Jessica looked toward the body a second time. Agent Pete's considerable size continued to act as a kind of blind from which Jessica could safely view it without anyone seeing her pained wince. She'd been trained not to show emotion under any circumstance at a crime scene. Her number of years and experience had taught her the only way to gain the trust and authority required to take control in mutilation murder cases was via an aloofness and professional acumen that could not be questioned.

“This is like looking at a war wound,” commented Agent Petersaul.

“You come to us through the military?” asked Jessica.

“How'd you guess?”

“Psychic powers and that pendant around your neck, GI issue.”

“Had it made at great expense.” She fingered the golden numbers: 101st Airborne. “First in, last out.”

“You see duty in Iraq?”

“Pakistan and Iraq.
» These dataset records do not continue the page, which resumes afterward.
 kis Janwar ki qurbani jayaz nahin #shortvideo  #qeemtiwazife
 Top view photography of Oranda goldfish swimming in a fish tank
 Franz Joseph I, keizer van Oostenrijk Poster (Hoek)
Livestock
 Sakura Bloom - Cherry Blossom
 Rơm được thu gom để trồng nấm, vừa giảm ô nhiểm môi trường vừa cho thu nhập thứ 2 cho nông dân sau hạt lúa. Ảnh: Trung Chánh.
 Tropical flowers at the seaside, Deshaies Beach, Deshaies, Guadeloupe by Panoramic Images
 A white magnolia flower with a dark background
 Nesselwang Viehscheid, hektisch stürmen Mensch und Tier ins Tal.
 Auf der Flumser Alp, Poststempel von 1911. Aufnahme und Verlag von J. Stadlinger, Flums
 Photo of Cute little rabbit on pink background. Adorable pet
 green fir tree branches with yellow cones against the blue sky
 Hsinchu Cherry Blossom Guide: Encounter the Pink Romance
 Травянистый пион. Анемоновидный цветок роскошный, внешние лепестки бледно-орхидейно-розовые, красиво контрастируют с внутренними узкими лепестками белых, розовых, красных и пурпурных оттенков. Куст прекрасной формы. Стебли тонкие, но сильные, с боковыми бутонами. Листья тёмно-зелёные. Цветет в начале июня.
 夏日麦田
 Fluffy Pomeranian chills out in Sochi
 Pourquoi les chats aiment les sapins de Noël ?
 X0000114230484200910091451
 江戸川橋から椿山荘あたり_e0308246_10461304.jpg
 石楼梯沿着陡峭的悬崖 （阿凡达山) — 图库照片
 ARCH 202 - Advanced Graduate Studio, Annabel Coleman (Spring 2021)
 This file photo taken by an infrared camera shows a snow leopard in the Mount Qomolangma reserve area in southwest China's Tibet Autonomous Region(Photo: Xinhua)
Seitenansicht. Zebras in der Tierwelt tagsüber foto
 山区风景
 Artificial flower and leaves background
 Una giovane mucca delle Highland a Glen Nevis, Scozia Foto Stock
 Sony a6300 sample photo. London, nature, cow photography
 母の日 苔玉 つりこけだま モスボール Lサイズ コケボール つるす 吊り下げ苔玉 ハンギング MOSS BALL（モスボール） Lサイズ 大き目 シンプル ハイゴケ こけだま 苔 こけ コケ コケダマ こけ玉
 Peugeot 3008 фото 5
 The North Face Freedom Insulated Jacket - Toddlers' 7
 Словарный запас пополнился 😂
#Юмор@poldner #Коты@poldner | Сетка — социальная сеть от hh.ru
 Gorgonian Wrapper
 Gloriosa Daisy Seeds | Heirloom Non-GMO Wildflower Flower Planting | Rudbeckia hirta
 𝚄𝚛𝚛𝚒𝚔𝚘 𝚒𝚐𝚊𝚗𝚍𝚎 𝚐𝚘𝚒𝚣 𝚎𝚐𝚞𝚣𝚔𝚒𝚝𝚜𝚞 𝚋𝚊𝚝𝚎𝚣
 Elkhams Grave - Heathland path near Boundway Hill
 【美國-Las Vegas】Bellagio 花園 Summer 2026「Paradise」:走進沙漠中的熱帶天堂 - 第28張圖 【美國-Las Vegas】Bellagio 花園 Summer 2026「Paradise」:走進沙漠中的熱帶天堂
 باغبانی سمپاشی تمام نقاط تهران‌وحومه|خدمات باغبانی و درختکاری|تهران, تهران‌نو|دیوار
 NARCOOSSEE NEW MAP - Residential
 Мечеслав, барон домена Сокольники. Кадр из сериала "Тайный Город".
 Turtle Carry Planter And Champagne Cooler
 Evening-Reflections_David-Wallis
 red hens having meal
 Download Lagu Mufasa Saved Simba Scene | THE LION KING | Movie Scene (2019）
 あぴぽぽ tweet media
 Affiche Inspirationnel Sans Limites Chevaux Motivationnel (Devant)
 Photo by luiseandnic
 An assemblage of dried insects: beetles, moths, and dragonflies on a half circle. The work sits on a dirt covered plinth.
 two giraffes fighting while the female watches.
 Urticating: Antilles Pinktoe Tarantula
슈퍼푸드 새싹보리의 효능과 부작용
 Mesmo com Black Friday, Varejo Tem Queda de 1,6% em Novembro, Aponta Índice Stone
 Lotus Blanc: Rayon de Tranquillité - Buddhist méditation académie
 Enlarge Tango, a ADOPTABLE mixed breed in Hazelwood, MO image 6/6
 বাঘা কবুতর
Fucked up place in a fucked up world, yeah.”

“Fucked up? Which one?”

“Both.”

“Oh, yes, of course. How're we doing there in the Mideast now? Think we'll win the post-war economic crisis?”

“The natives have gone ape-shit for American goods, means and ways. They love all things Western and are embracing apple pie, Elvis, McDonald's and Fox News Network.”

“Sounds like Japan.”

“Been there? Tokyo?”

“Yeah, that and Beijing, China-worlds apart. Beijing is 1930 America, while Tokyo is futuristic America- Minority Report time.” Jessica looked into the hefty agent's wide face, and the full-figured Pete smiled back. “Best I get to work, Agent,” Jessica added now.

Petersaul nodded and stepped aside. “Yeah, best, but”- she broke into an Elvis oldie- “didja-eva, eva get, eva get one, eva get one-a-those girls boys…”

Smacks of a virgin to such horror and trying to compensate, Jessica thought, likely her first year out of the academy with a lot of questions and horror ahead of her, unless she dropped out of this line of work. Jessica calmly replied, “I believe I've seen every kind of iced and diced corpse, male and female, in the book, thanks to my boss at Quantico, Agent Petersaul.”

“So I've been told by Darwin. Sexual mutilation murders, hearts ripped out, vaginas and breasts butchered, cranium's opened and brains scooped out.”

Others listened in with interest.

“However, I can safely say that I've never come across a victim with so horrid a gash of flesh removed from her body as this unfortunate woman.”

Unfortunate, she rolled the word over in her mind. The understatement of the century, for this crime rivaled even the Skull-digger's work. Where he robbed his victims of their gray matter, cannibalizing it, whoever had done this latest, most-warped atrocity had robbed his victim of her entire vertebral column.

“Whataya suppose he does with the spine?” asked the young lady agent.